5.9 Een dubbel lid in artikel 2 ontwerpvergunning 60 MHz

Enkele respondenten merken op dat in de geconsulteerde ontwerpvergunning van 60 MHz, artikel 2 tweede lid en derde lid een duplicaat van elkaar lijken te zijn.

Het tweede lid en derde lid hebben hetzelfde doel. De ontwerpvergunning is op dit punt gewijzigd. Het tweede lid is verwijderd en de laatste zin in het derde lid is tevens verwijderd (zie de paragraaf hierboven over de ‘eventuele wijziging indeling 3400 – 3800 MHz band na 2030’).

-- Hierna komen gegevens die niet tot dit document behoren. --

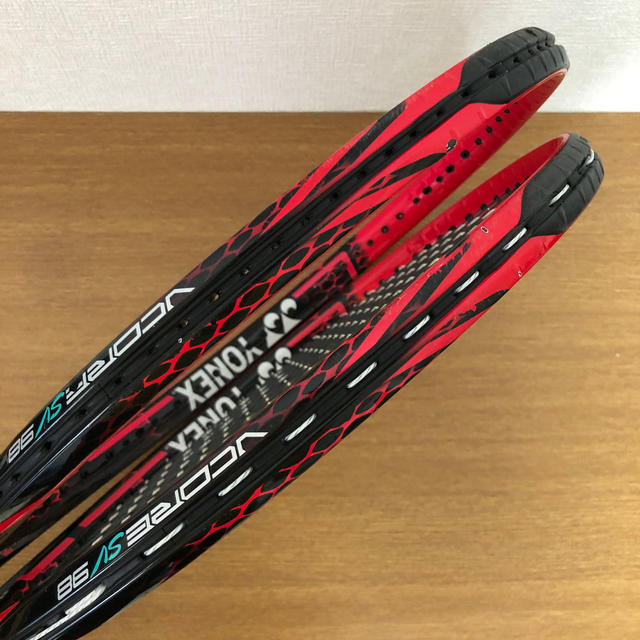 YONEX(ヨネックス)の【お得セット】YONEX VcoreSV98 2本セット スポーツ/アウトドアのテニス(ラケット)の商品写真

5.10 Bescherming lokale netwerken

Een respondent stelt dat de bescherming van bestaande lokale netwerken en onvoldoende informatie hierover zal leiden tot blijvende onzekerheid. Er is onvoldoende duidelijkheid over interferentieniveaus en oplossingsmogelijkheden, de beschikbare rapporten zijn niet voldoende representatief en voorgestelde oplossingen zijn deels niet uitvoerbaar. Zij stellen voor om lokale netwerken volledig te synchroniseren, onder te brengen in de uiteinden van de 3400 – 3800 MHz band of om lokale vergunningen in te trekken.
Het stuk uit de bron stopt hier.